Cette démarche semblait à la fois claire et efficace, jusqu’à ce que soit soulevée l’oppression des femmes. Autant la gauche radicale a su nommer avec persistance les nombreuses manifestations dégueulasses de la culture dominante, autant elle a ignoré, minimisé et nié celle que constitue le patriarcat. Bien qu’il soit généralement admis que le racisme a pour effet de terroriser les personnes de couleur, que l’hétérosexisme a pour effet de terroriser les lesbiennes et les gais, que le colonialisme a pour effet de terroriser les communautés traditionnelles et indigènes, que le capitalisme a pour effet de terroriser les pauvres du monde entier, et que l’industrialisation constitue de fait un terrorisme à l’égard de la terre, les radicaux de gauche ne peuvent, pour une raison ou une autre, concevoir que le patriarcat constitue un terrorisme à l’égard des femmes. S’il arrive parfois que la question de l’oppression des femmes émerge, elle est édulcorée au point de ressembler davantage à un amas de circonstances désagréables, mais temporaires et isolées, plutôt qu’à ce qu’elle est vraiment : une guerre permanente menée contre la liberté, l’égalité et les droits humains de plus de la moitié de la population mondiale.
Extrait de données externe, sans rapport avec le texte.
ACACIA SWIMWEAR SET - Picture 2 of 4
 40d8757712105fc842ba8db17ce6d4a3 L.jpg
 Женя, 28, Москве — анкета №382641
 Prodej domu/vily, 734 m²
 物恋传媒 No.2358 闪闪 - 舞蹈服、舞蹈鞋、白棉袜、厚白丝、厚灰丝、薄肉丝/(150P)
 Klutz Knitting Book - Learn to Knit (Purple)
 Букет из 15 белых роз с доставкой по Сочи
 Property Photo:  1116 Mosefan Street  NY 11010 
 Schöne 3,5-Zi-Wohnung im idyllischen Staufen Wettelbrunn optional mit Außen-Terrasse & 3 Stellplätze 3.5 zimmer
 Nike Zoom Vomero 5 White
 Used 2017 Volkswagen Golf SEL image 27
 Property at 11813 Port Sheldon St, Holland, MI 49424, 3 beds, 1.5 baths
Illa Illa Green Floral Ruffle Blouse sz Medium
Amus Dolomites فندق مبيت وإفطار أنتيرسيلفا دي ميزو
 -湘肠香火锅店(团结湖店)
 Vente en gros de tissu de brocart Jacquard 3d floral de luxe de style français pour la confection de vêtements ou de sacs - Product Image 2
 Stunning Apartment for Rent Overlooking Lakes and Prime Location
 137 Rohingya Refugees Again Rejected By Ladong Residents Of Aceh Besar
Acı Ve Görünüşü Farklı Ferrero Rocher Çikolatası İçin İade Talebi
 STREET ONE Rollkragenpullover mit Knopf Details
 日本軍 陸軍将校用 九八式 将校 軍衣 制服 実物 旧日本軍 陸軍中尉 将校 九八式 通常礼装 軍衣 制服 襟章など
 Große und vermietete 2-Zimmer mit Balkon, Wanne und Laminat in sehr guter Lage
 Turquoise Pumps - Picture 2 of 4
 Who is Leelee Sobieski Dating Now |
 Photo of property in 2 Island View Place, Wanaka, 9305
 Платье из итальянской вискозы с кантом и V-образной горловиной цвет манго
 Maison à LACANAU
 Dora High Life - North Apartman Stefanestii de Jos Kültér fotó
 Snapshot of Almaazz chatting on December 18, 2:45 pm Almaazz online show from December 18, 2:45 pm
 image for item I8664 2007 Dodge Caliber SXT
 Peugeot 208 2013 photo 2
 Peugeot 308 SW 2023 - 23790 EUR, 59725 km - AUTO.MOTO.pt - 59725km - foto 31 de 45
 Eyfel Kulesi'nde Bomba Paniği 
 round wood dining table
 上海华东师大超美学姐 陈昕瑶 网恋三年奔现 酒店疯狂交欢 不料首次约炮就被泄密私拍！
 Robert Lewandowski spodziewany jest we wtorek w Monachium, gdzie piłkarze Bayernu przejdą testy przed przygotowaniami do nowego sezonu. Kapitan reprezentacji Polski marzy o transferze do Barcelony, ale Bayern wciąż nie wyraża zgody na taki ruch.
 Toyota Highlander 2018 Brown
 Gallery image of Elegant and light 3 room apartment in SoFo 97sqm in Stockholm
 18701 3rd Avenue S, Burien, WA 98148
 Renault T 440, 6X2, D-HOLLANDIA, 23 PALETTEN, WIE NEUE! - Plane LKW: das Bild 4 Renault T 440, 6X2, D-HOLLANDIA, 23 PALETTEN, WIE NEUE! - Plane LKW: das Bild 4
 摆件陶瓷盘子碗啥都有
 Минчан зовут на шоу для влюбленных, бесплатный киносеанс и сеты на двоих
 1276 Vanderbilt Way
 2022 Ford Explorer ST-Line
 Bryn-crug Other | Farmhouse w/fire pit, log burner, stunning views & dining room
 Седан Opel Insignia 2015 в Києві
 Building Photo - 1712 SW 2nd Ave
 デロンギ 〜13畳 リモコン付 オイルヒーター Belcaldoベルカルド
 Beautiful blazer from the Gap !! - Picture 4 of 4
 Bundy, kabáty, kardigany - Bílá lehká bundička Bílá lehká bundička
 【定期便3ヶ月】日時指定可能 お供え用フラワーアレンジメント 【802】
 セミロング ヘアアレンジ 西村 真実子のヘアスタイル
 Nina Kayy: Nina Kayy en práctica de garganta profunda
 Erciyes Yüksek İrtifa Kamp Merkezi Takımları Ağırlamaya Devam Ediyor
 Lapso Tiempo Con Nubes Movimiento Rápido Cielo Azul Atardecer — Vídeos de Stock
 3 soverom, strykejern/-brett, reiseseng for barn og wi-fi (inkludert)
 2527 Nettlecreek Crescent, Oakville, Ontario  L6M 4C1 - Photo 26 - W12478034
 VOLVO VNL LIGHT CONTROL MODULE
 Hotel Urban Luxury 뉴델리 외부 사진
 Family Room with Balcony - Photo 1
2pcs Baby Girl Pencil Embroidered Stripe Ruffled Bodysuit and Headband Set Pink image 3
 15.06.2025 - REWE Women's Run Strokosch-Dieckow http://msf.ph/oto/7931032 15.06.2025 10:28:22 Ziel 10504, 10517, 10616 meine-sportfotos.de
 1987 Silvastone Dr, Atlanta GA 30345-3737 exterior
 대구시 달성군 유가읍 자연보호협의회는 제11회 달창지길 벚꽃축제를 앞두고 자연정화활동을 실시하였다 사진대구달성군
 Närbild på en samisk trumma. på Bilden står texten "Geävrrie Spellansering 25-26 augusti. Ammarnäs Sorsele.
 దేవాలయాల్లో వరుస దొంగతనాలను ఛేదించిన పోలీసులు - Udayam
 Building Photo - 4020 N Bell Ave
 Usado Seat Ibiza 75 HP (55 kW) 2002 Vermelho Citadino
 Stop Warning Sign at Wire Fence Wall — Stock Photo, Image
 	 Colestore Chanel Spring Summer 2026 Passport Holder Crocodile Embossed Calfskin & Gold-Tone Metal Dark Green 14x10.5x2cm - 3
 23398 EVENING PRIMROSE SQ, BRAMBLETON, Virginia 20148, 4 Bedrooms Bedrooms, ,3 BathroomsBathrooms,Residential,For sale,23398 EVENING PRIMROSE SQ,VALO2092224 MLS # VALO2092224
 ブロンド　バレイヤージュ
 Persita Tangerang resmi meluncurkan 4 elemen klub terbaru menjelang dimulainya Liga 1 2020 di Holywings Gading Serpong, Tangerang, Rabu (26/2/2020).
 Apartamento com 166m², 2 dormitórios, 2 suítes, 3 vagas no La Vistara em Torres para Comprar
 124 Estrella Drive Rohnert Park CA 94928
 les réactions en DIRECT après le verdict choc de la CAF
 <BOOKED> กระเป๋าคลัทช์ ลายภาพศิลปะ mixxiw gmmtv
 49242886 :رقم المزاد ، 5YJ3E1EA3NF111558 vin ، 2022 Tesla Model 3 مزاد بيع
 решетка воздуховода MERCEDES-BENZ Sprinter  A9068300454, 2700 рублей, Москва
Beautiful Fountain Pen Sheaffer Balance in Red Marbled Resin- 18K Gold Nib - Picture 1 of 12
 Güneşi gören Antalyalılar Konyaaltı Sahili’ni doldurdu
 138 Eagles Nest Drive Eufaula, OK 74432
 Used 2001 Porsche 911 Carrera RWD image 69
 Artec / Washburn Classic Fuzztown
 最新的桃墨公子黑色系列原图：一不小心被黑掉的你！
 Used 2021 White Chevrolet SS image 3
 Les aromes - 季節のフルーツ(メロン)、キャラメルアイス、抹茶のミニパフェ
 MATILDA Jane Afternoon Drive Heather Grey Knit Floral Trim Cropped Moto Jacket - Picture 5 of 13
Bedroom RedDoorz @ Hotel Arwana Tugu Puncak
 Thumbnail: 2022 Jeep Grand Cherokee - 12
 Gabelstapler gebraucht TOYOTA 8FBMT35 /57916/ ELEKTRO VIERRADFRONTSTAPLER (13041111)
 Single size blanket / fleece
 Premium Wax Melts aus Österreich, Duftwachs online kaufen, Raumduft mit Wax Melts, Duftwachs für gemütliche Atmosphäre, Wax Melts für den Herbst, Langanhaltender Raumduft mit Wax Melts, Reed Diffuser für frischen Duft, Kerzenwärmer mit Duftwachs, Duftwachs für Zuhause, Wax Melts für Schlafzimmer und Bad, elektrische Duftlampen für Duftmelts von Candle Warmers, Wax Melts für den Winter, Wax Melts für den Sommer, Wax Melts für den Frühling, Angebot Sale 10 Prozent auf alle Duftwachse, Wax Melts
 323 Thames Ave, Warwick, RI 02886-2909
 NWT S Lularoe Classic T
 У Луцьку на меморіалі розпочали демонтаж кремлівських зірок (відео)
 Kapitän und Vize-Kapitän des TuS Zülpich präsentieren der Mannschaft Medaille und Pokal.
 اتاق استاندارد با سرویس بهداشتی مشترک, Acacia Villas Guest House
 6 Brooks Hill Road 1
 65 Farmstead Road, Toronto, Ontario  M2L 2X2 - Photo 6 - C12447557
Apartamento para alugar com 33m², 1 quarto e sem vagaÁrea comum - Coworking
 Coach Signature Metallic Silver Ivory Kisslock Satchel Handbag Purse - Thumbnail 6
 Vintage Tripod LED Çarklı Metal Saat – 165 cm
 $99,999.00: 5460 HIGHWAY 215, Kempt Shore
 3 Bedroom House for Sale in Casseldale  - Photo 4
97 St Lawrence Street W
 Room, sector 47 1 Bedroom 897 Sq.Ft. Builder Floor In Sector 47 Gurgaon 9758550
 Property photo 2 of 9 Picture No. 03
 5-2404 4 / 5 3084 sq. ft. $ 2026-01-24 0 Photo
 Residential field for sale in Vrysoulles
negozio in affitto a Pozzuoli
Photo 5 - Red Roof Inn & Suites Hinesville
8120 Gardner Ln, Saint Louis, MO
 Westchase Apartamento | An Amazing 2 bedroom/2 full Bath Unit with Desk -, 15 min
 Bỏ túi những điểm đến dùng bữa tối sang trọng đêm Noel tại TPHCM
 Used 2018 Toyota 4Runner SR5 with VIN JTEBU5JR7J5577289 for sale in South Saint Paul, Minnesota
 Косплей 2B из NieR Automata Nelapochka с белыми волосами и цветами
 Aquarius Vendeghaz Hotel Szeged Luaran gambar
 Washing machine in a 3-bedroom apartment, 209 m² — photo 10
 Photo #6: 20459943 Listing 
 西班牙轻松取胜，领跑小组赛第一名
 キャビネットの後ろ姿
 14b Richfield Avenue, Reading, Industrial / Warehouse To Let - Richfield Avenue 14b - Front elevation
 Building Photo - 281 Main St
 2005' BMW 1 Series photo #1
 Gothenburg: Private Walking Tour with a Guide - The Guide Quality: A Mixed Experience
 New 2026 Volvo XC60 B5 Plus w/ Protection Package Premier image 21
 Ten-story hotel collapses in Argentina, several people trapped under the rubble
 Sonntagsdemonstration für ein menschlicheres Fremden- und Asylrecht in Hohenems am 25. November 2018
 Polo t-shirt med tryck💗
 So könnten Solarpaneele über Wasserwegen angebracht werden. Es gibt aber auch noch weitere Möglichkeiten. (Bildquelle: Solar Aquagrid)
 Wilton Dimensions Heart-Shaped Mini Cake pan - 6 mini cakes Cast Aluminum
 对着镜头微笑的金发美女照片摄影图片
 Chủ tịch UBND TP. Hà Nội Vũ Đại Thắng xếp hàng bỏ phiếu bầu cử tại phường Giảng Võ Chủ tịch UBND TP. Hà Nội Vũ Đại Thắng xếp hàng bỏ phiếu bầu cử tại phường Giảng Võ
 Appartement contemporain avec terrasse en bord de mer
La façon dont le sexisme, le privilège masculin et le patriarcat sont passés sous silence entre radicaux est à la hauteur de la façon dont ils nous paralysent. C’est un cercle vicieux : comme les hommes de la gauche radicale refoulent le féminisme, ils bâillonnent les résistances à l’injustice du pouvoir masculin existantes au sein de la gauche radicale. Il en résulte un durcissement de cette domination dans des mouvements politiques qui risquent de plus jamais pouvoir dépasser le pouvoir injuste des hommes.
Un patriarcat non bridé sape tout activisme réellement radical. Il ne peut y avoir de libération dans le monde, si ceux qui prétendent se battre pour elle ne sont pas disposés à la libération des femmes dans leurs propres rangs. Comme le dit ma chère voisine : «Il n’y a rien de progressiste à traiter les femmes comme des déchets, c’est ce qui se fait déjà à l’heure actuelle.»
Il se peut que certains de ces hommes ne voient pas leur privilège. Ou peut-être qu’ils le voient et trouvent légitime de le posséder. Dans les deux cas, la plupart sont à l’aise avec le statut qui leur est accordé de par leur sexe, tant dans la société que dans les mouvements sociaux. Nous les hommes siégeons au sommet d’une hiérarchie avec la moitié de l’humanité en dessous, maintenue là pour nous voir leur parler, leur assigner les travaux ingrats et les utiliser pour le sexe. Cette réalité ne disparaît pas du simple fait de s’étiqueter « radical». À vrai dire, tout radical qui ne voit pas cet état de choses – je ne parle même pas de l’affronter et d’y mettre fin – ne mérite pas de s’appeler ainsi. Ce qu’on qualifie de politique radicale se résume souvent en réalité à la politique des hommes. Au-delà de déclarations vertueuses de résistance à toutes les formes de domination, nous les hommes manœuvrons habilement pour étouffer dans les mouvements tout ce qui menace notre propre pouvoir et notre privilège, y compris les femmes.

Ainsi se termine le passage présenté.